Exercise description: Omit the pictures and output exactly the lines from the start of the entries through the line containing "温湿度记录仪,温度记录仪,苏州迅鹏WPR90".

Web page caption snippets
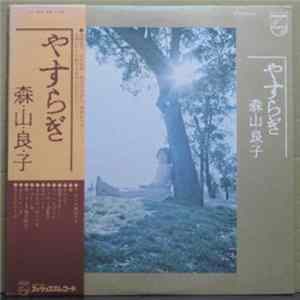森山良子 - やすらぎ FLAC
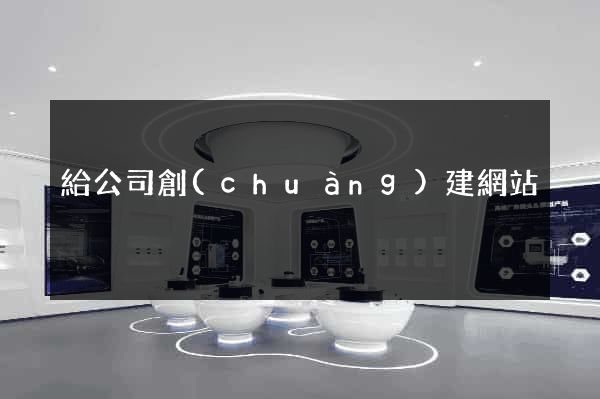 給公司創(chuàng)建網站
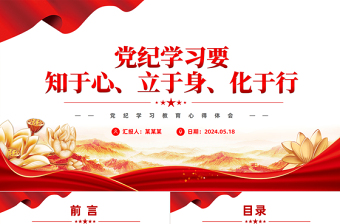 党纪学习要知于心立于身化于行PPT党政风党纪学习教育心得体会课件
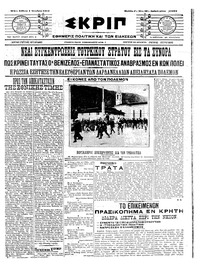 Σκριπ 01/10/1911 
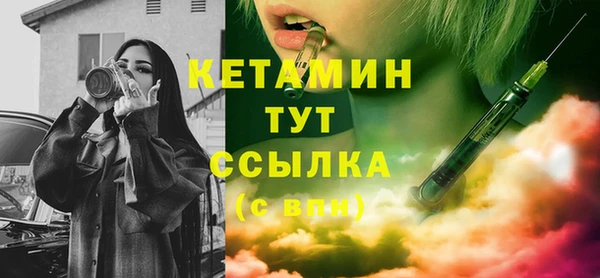 соль курить ск Абдулино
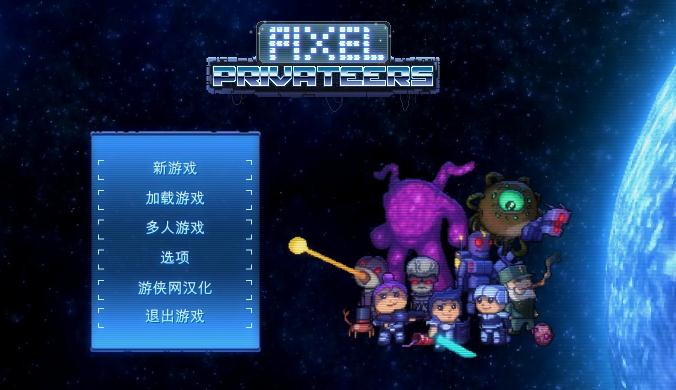 像素星际海盗汉化补丁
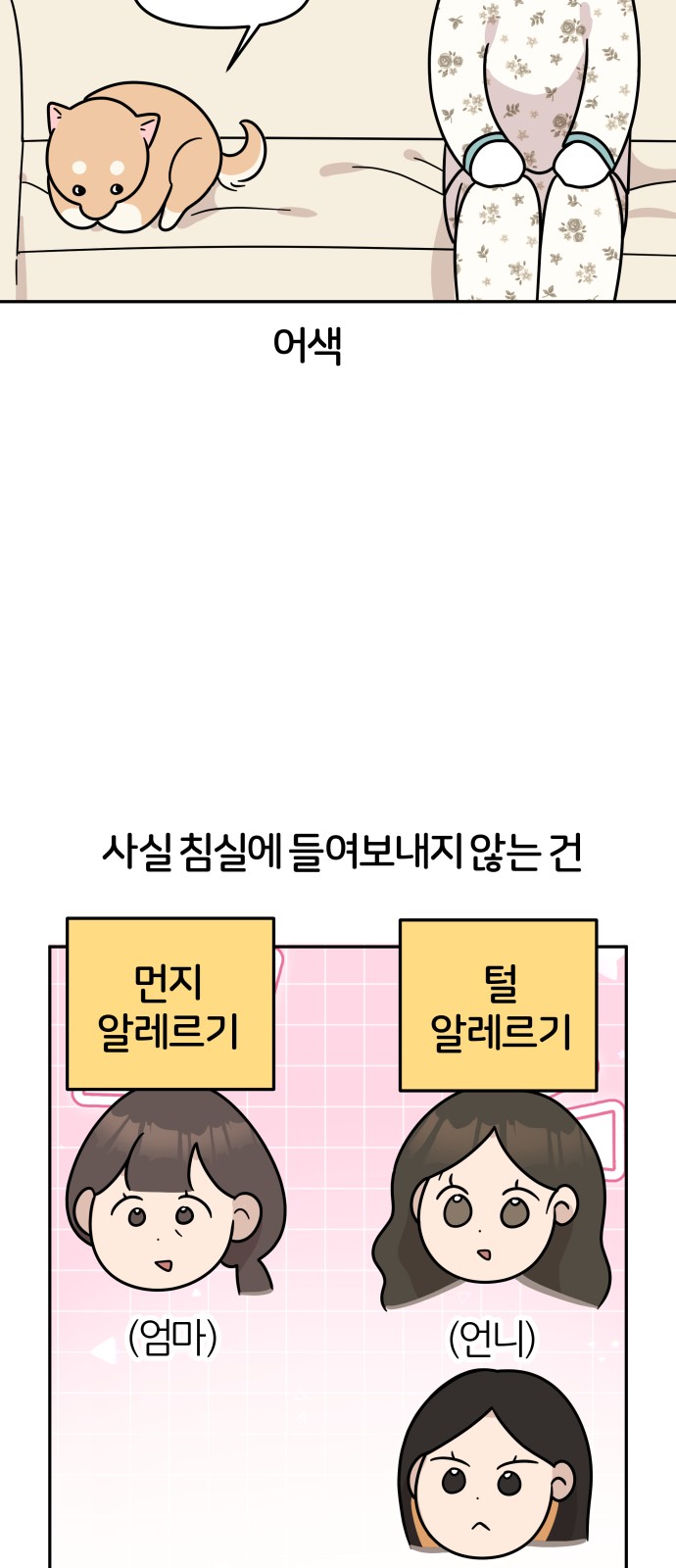 7 페이지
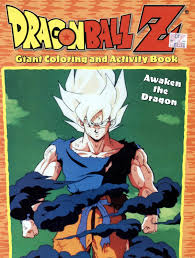 Beautiful dragon ball z coloring page : Awaken The Dragon Dragon Ball Z Giant Coloring And Activity Book Dragon Ball Z Toei Animation 9780766605398 Amazon Com Books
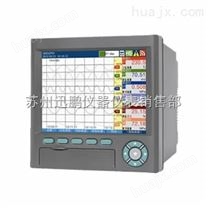 温湿度记录仪,温度记录仪,苏州迅鹏WPR90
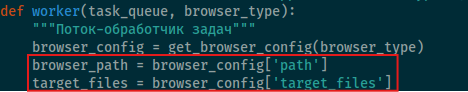 Figure 12 – The worker function in the Python script.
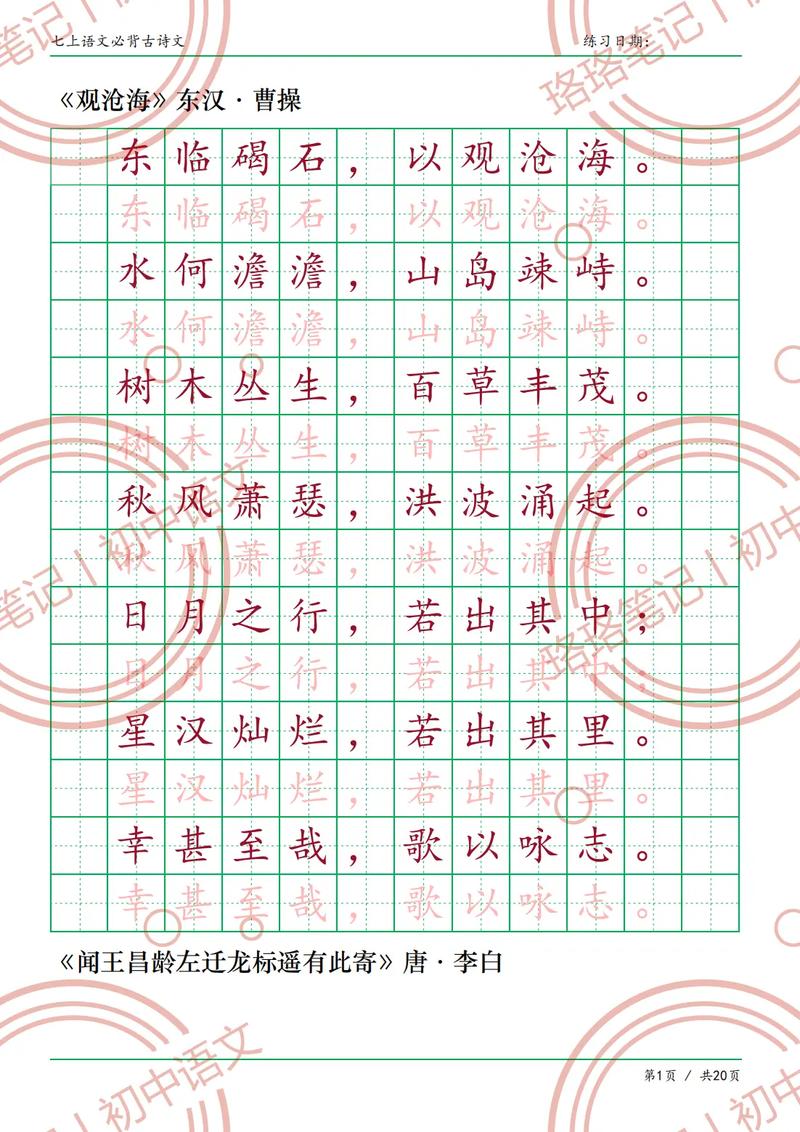 七上古诗词考点有哪些？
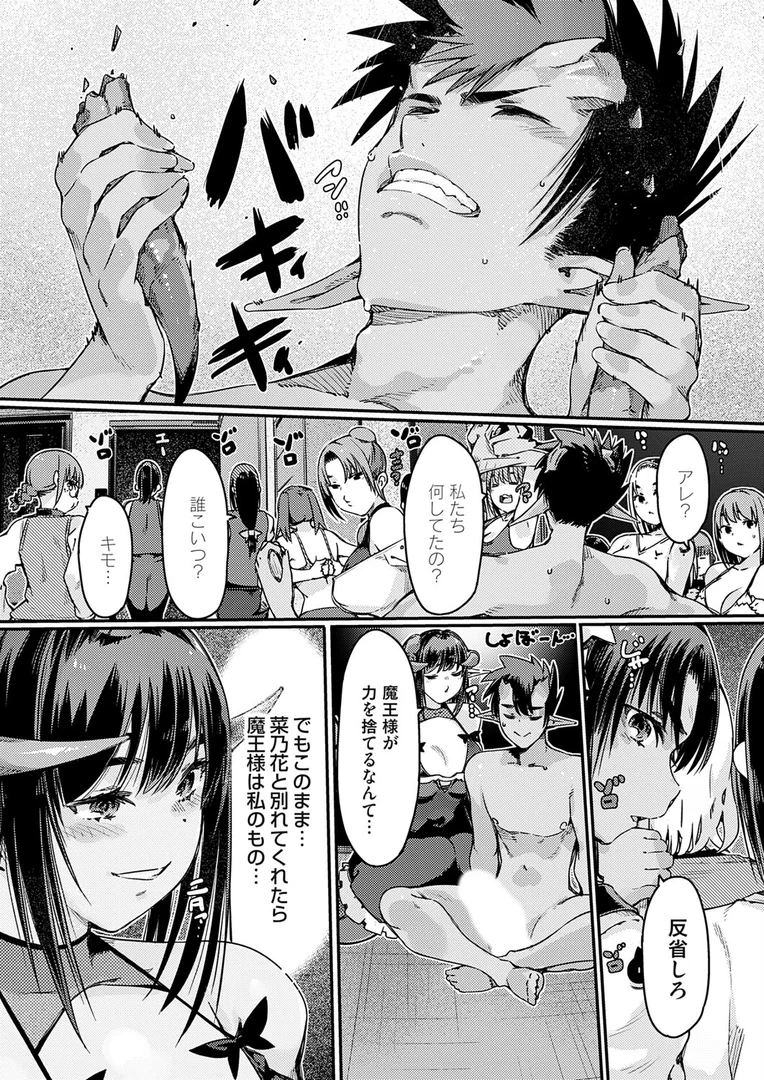 k568agotp10261|魔王転生〜エロスキル覚醒で性無双と思ったらやっぱりハーレムエンド〜|佐倉さくさく|エロ漫画 k568agotp10261|魔王転生〜エロスキル覚醒で性無双と思ったらやっぱりハーレムエンド〜|佐倉さくさく|エロ漫画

Output below:
森山良子 - やすらぎ FLAC
 給公司創(chuàng)建網站
 党纪学习要知于心立于身化于行PPT党政风党纪学习教育心得体会课件
 Σκριπ 01/10/1911 
 соль курить ск Абдулино
 像素星际海盗汉化补丁
 7 페이지
 Beautiful dragon ball z coloring page : Awaken The Dragon Dragon Ball Z Giant Coloring And Activity Book Dragon Ball Z Toei Animation 9780766605398 Amazon Com Books
 温湿度记录仪,温度记录仪,苏州迅鹏WPR90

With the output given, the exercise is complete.